(Bloomberg) -- Former Bank of England policy maker Martin Weale said the UK government’s radical tax cutting plan to boost growth will “end in tears” with a run on the pound.

Weale, who previously served on the UK central bank’s Monetary Policy Committee and as director of the influential National Institute for Economics & Social Research, said stimulus for the economy at a time when inflation is running near its strongest in 40 years will end in a crisis. 

Asked whether Kwarteng would deliver his target of 2.5% annual GDP growth, Weale said, “Past history suggests not.”

“Other experiences where the chancellor has gone for growth ended in tears,” Weale said on Bloomberg Television. “I expect the same sort of thing will happen with Kwarteng’s policy. There will probably be a clear run on the pound, and then the bank will be forced to put up interest rates to stabilize the exchange rate.”

The King’s College economist spoke after the BOE raised rates a half point to 2.25% and signaled that it would act “forcefully” if it saw signs of domestic inflation building. Markets had been looking for a three quarter point rise and expect rates to reach 5% by summer next year.

Weale said he would have voted for a three-quarter-point increase in the benchmark lending rate if he still sat on the panel. He’s the second former BOE policy maker this week to warn about the risks of the financial package.

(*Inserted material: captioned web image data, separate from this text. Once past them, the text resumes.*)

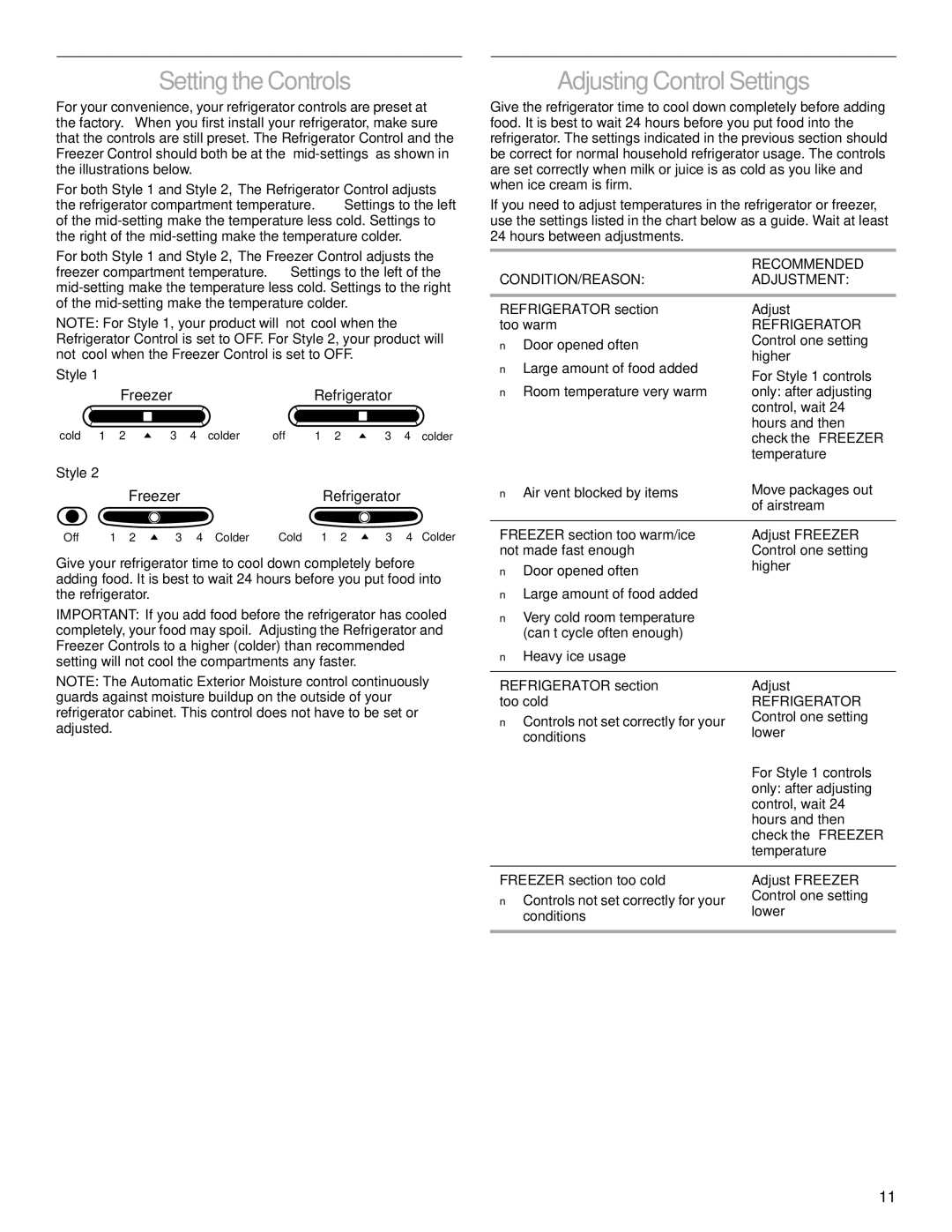 Whirlpool 2206106 Setting the Controls, Adjusting Control Settings, Recommended, CONDITION/REASON Adjustment, Refrigerator 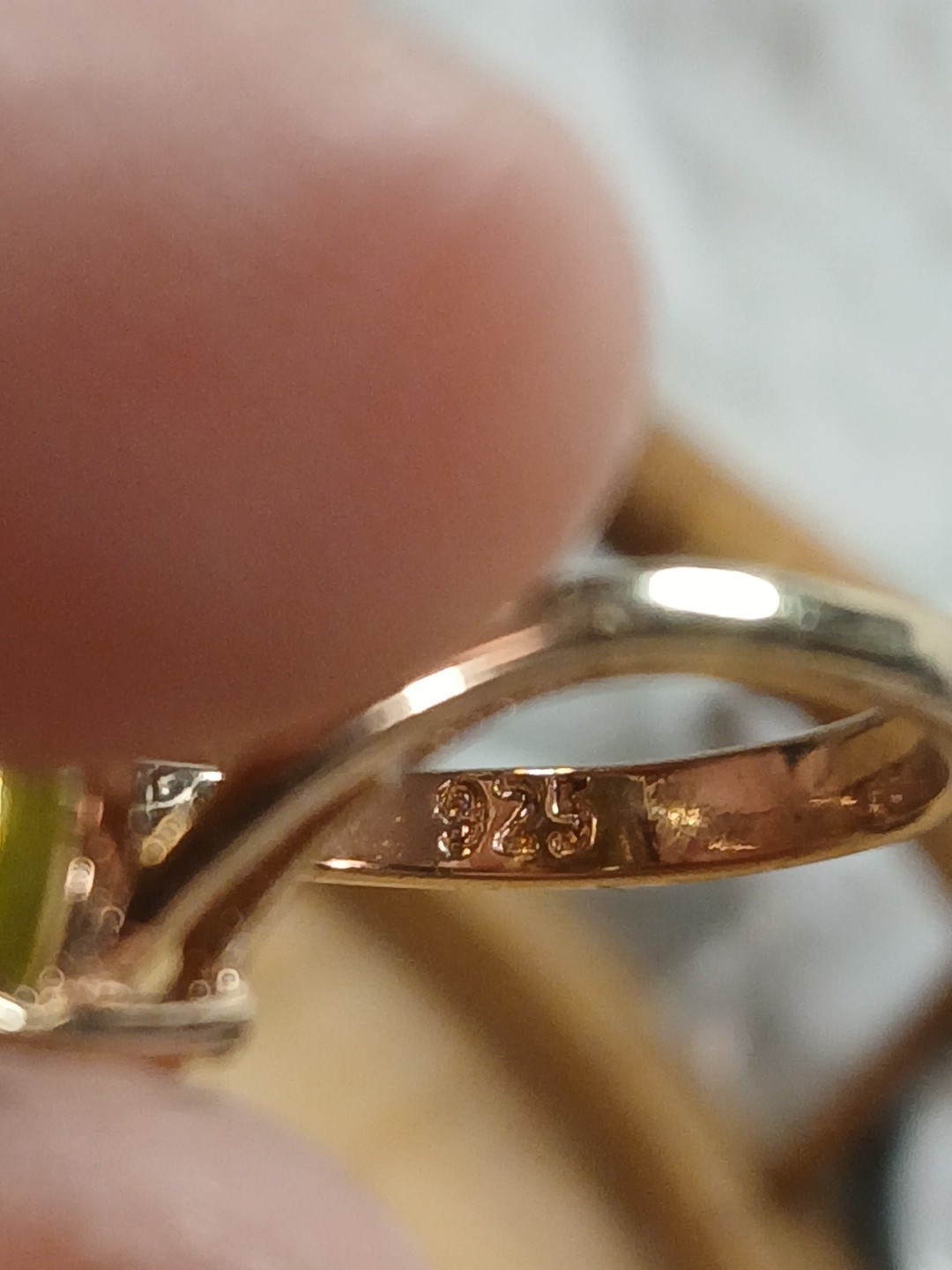 Vintage 925 Gold Vermeil Dragonfly Ring With Green Glass Marquise Stone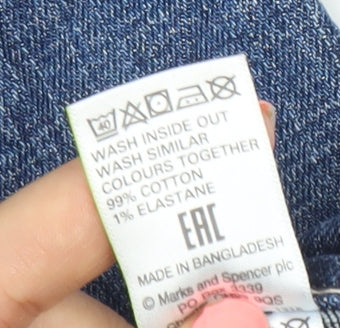 Marks and Spencer Women Blue Flared Crop Jeans Size 18 Regular Fit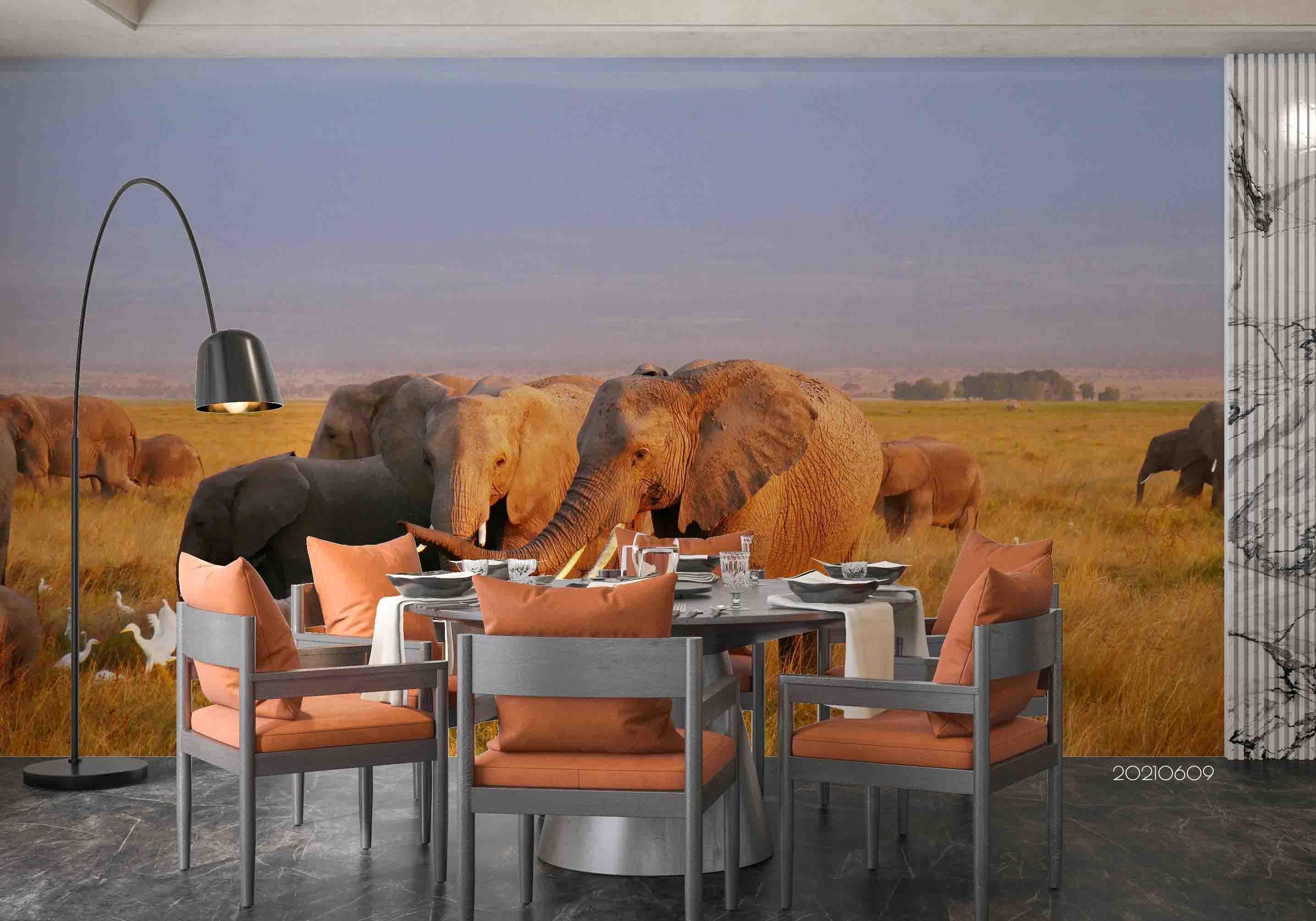 3D  Africa Grassland Elephant Dusk Wall Mural Wallpaper SWW1694- Jess Art Decoration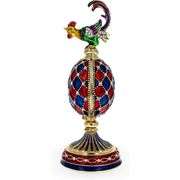 Royal Rooster Clock Egg Gold-Plated with Austrian Crystals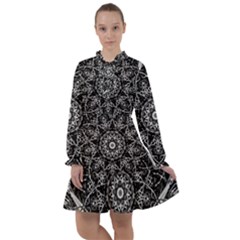 Black And White Pattern All Frills Chiffon Dress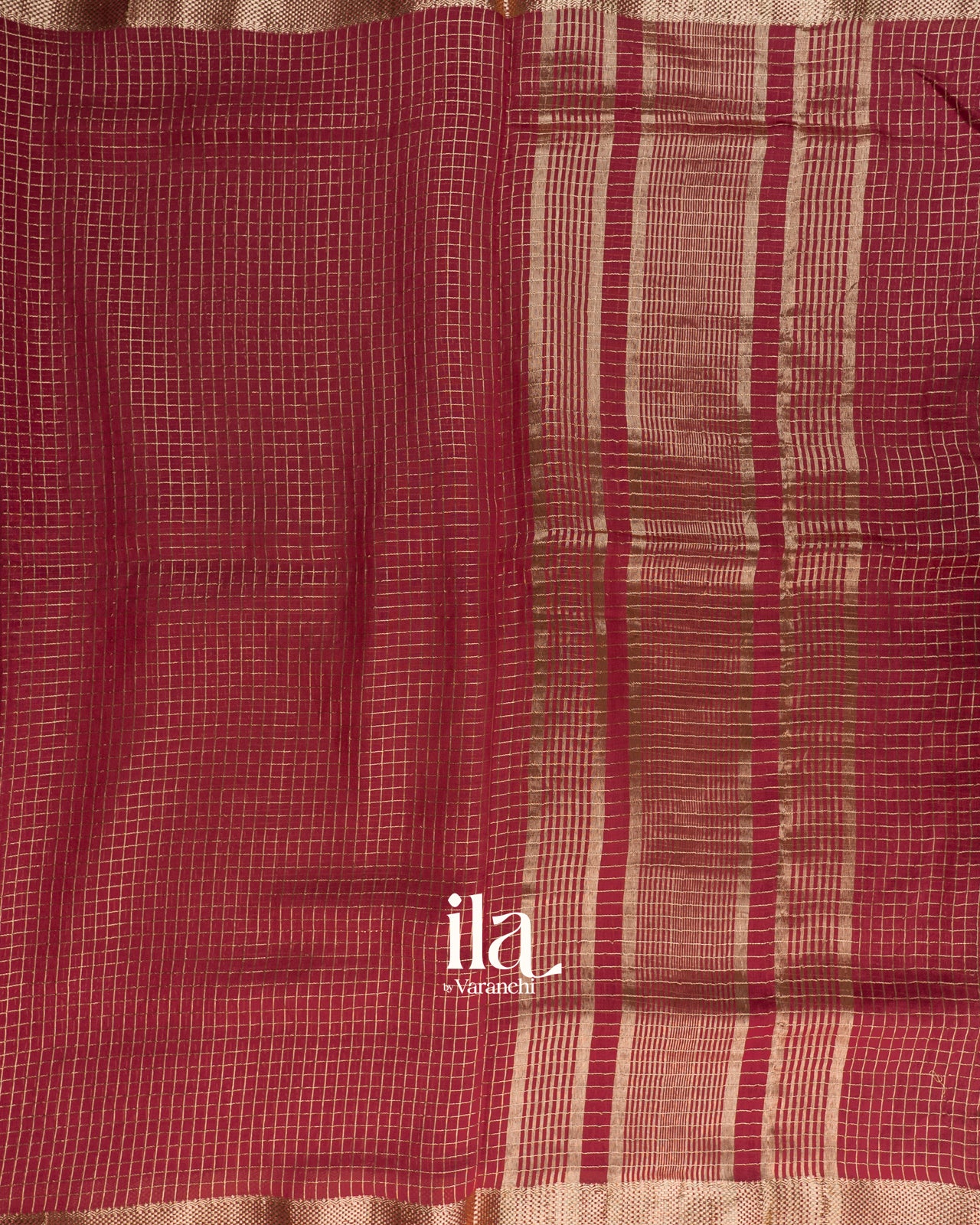 Brick Red Checks and Floral Emboidered Semi Silk Saree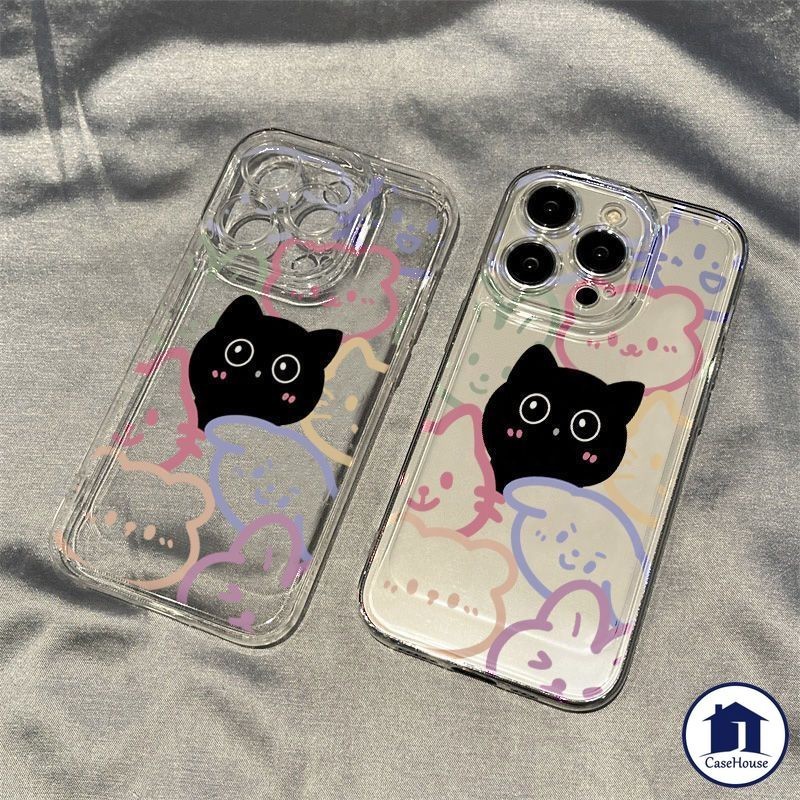 ส่งจากไทย น่ารัก แมว โปร่งใส อ่อนนุ่ม กรณี เข้ากันได้สำหรับ iPhone XR 13 15 14 12 11 Pro Max 7 8 15 14 Plus X XS Max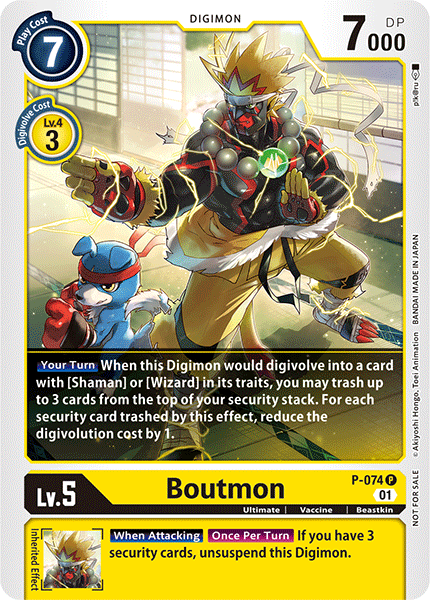 Boutmon (FOIL) : Promotion card - P074 - Digimon Card Game Single Card Boutmon (FOIL) : Promotion card - P074 - Digimon Card Game Single Card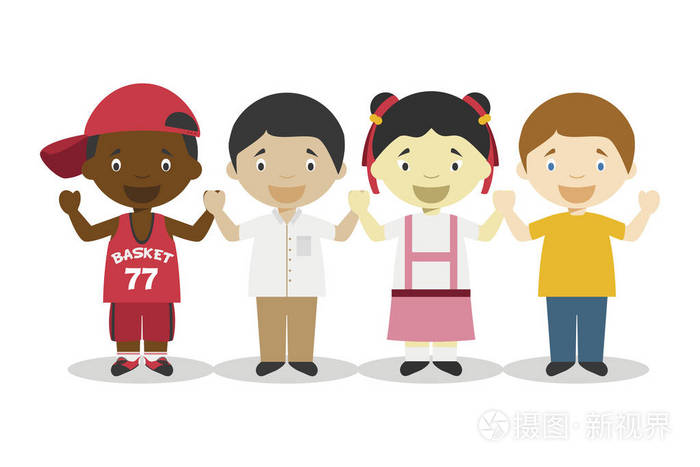 四个不同种族的孩子牵手代表全球化时代的卡通人物矢量图儿童历史收藏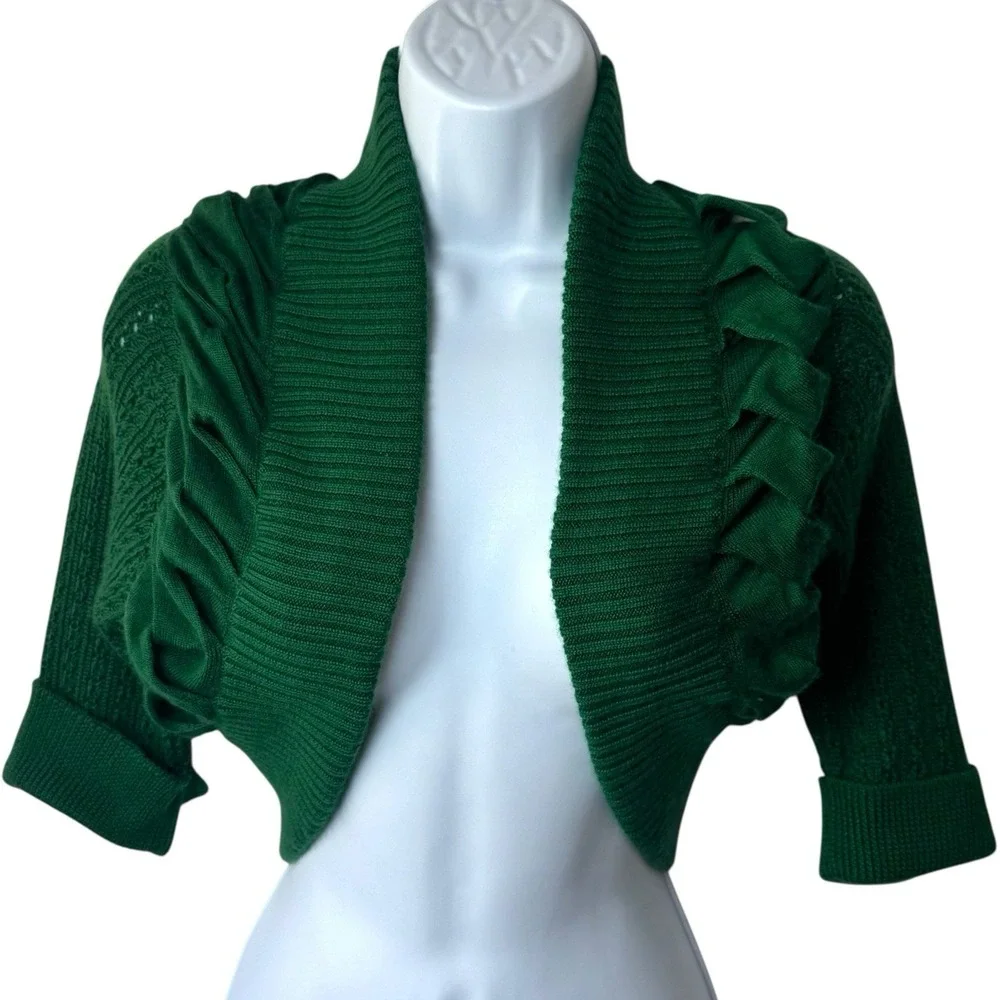 Oscar De La Renta Forest Green Silk‎ Cashmere Crop Cardigan Luxury Old Money L
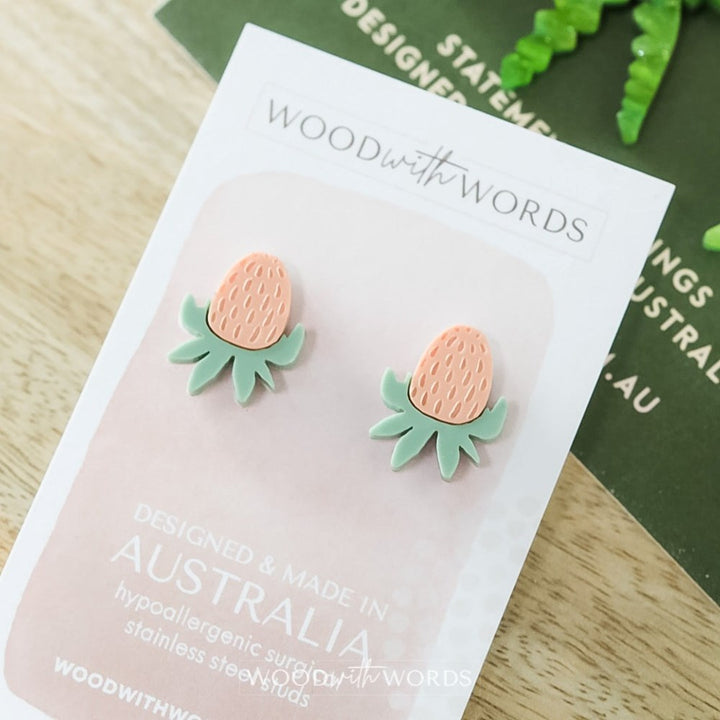 Wood With Words: Acrylic Stud Banksia Flower Earrings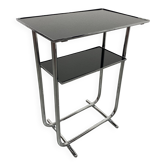 Table d'appoint Bauhaus avec plateau en verre noir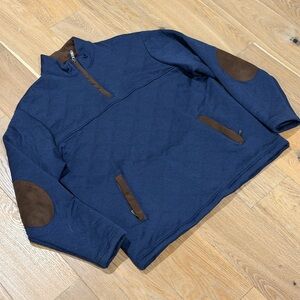 Men’s Cremieux Navy Blue Quilted Pullover with Brown Accents L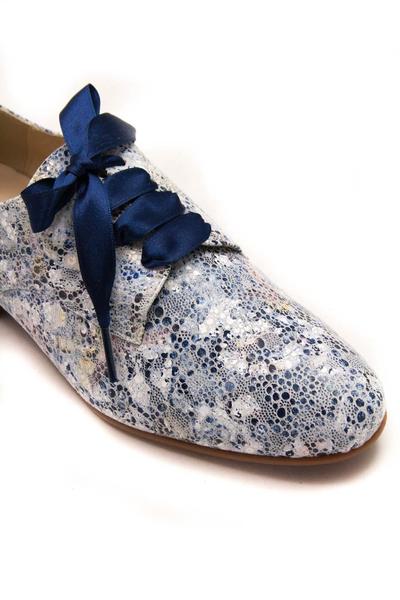 zapato salonissimos veda cordon dibujado azul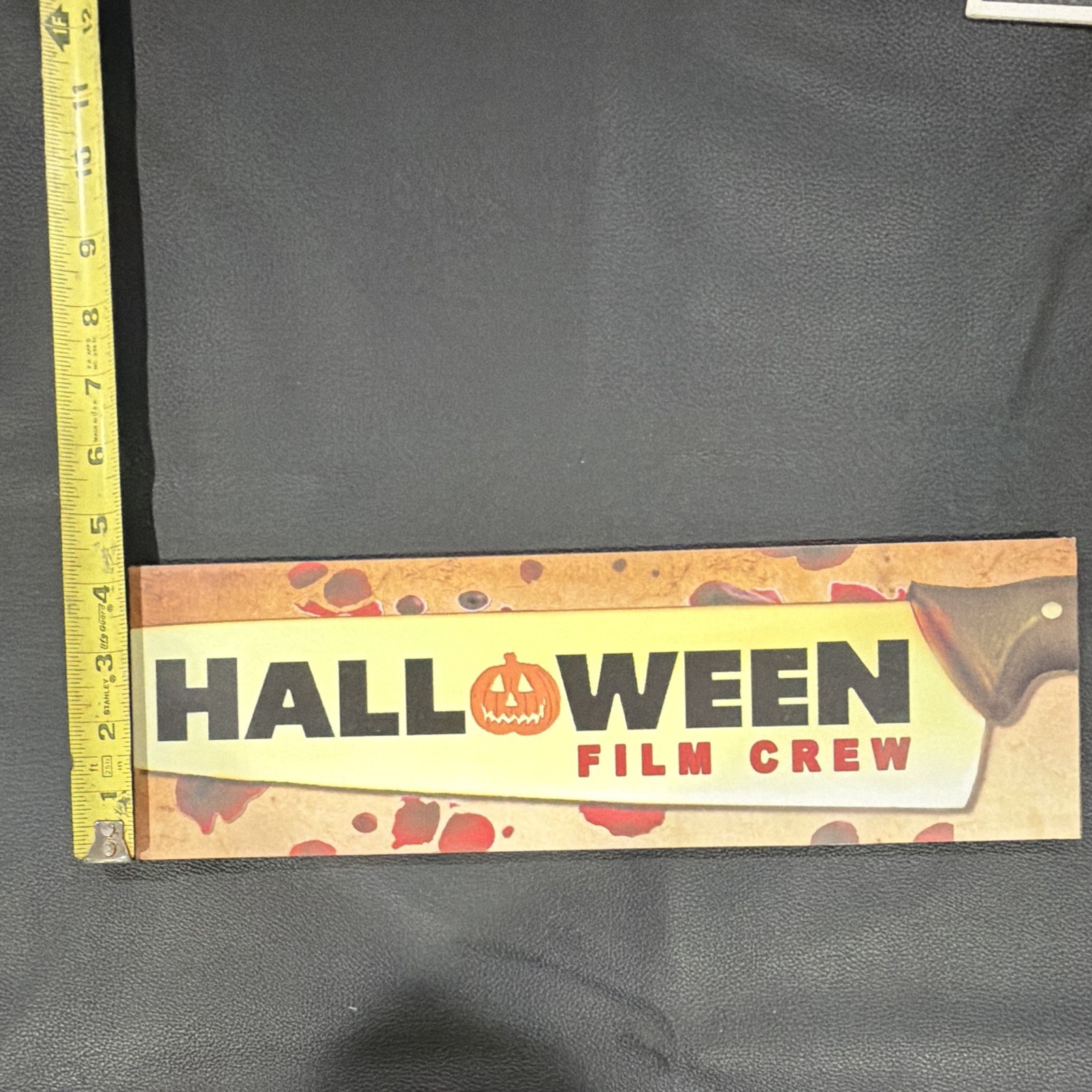 Halloween Film Crew Painted Wood Hanging Wall Sign Plaque 13 x 4 Rectangular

Dartmouth College economist Danny Blanchflower said on Twitter that Truss’s package was in “total disarray” suggested investors should short the pound. The two economists come from different ends of the spectrum, with Blanchflower one of the BOE’s more dovish members and Weale known for hawkishness.

Sterling has already crashed 15% against the dollar this year to $1.1274, its lowest level since 1985, with currency experts warning it could fall as low as $1.05.

Weale drew comparisons with the Barber Boom of the early 1970s, when the government set a 5% annual growth target that overheated the economy and led to soring inflation, and the 1976 crisis when the UK was rescued by a loan from the International Monetary Fund.

He also criticized the economic models used by central banks to anticipate inflation. 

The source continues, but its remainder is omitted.